Because of all of the above, I opted not to go with the bundled internet and satellite package offered by the satellite vendor and instead only ordered DirecTV alone by itself and then went out and got my own internet service on my own.

After shopping around, I found out that the best option in my neighborhood for internet was Comcast cable (ironically) which gives me typically around 45 Mbps network speeds on average where I am at and unlike Quest and other local phone company options did not require a phone line be installed.

So I ended up getting Comcast for the internet service only without television service and getting DirecTV for my television service and I really couldn't be any happier.

Comcast routinely does try to sell me on TV service which is a bit annoying but as they don't have anything that even remotely compares to DirecTV, I also always tell them to go jump off a cliff. They haven't called in quite a while so I guess they've finally gotten the message. 



> Do installers do any hookups through wireless networking?


The DirecTV boxes actually do not do any communications through the home wireless network *via the WiFi wirelessly* though they do have to be hooked into your network.

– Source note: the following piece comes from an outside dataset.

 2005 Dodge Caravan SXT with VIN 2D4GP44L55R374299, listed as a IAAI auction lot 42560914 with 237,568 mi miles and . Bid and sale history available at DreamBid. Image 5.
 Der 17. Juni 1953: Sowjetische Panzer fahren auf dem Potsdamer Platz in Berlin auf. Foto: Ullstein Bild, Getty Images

Each of the DirecTV boxes at my house have an RG6 coax running through the basement connecting each other on a physical coax wired network that feeds to the whole home networking box that DirecTV provided and then that box is physically connected to my wireless router by CAT 6 network cable same as hooking up a wired network computer to the box. The DirecTV installer did the setup on all of that for me all the way up to the point of the wireless router which I provided and it did not cost me anything to setup the "Whole Home" network, running all the coax lines everywhere and the DirecTV installer did a very clean professional unobtrusive job at installing all of those.

All of our android phones automatically switch over to from 4G to WiFi when we are home and I have an app that lets me use my android as a DirecTV remote control which communicate with the wireless router via WiFi and in turn connecting to the DirecTV box via the coax network bridge after it passes the router and that works very well as a backup remote control and is ironically faster responding to key presses than the real actual remote control.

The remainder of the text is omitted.